“A Darker Story”: Two Shakespeares, Art, and History in Emmerich’s Anonymous


  • Edel Semple University College Cork




Shakespeare, Roland Emmerich, Biopic, Anonymous, Shakespeare authorship conspiracy, Elizabeth I, Appropriating history, Shakespeare as character


Emmerich’s Anonymous (2011) infamously splits the character of Shakespeare into two disparate figures. In its alternative Tudor past, the ‘real’ Shakespeare – the Earl of Oxford – and Elizabeth I embark on a lifelong relationship that has shocking consequences for history and literature. The film’s other Shakespeare is the actor Will, who acts as the front for Oxford. Over the course of the film, Will is revealed to be a dangerous buffoon; he is boorish, near-illiterate, fame-hungry, and homicidal. While the film packages itself as a fresh take on Shakespeare’s biography, for all its revolutionary fervour it borrows much from Shakespeare in Love, and draws on the conspiracy thriller, period drama, blockbuster, and biopic. The film presents itself as conscious not only of its cinematic ancestry, but of dramatic and theatrical history.
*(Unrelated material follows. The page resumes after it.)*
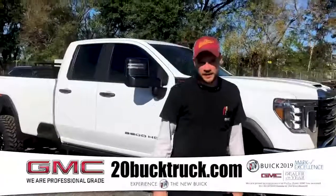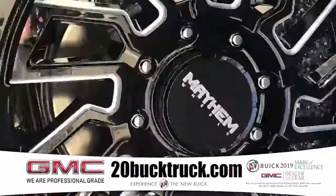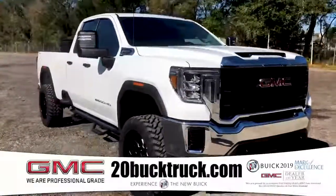Hi, my name is Kevin. I work for Kelly Automotive Group and this is our $20 truck for this year. We started with a 2020 GMC 2500 four-wheel drive.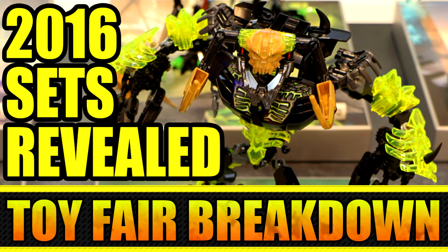Hey guys, how's it going? This is Jake with Mind Over Mind, and we have another one of these videos about a year later. We have the Brick Fair images for the 2016 summer sets — the sets that are going to be coming out in the summertime from the Bionicle wave — and I'm just really excited about these sets. These are personally my opinions.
In this article, I demonstrate that Anonymous projects a coherent trajectory for Elizabeth’s reign that is mapped onto Shakespeare’s creative process and his plays – from the youthful magic of Dream to the decayed tragedy of Hamlet – and in doing so adapts and appropriates the Tudor past to serve a range of socio-political aims. Finally, I will connect the film’s author-hero to the film’s director through an examination of the film trailer and poster, and especially Emmerich’s propagandist video “Ten Reasons Why William Shakespeare is a Fraud”. Like the film, these paratexts aim to unseat Shakespeare as literary god, but they also reveal how Anonymous is deeply invested in appropriating Shakespeare’s authority, as well as his economic and cultural capital. Ultimately, I argue that Anonymous and its paratexts seek to deconstruct Shakespeare as icon in order to reshape our present and stimulate debate over the value and meaning of art in the twenty-first century.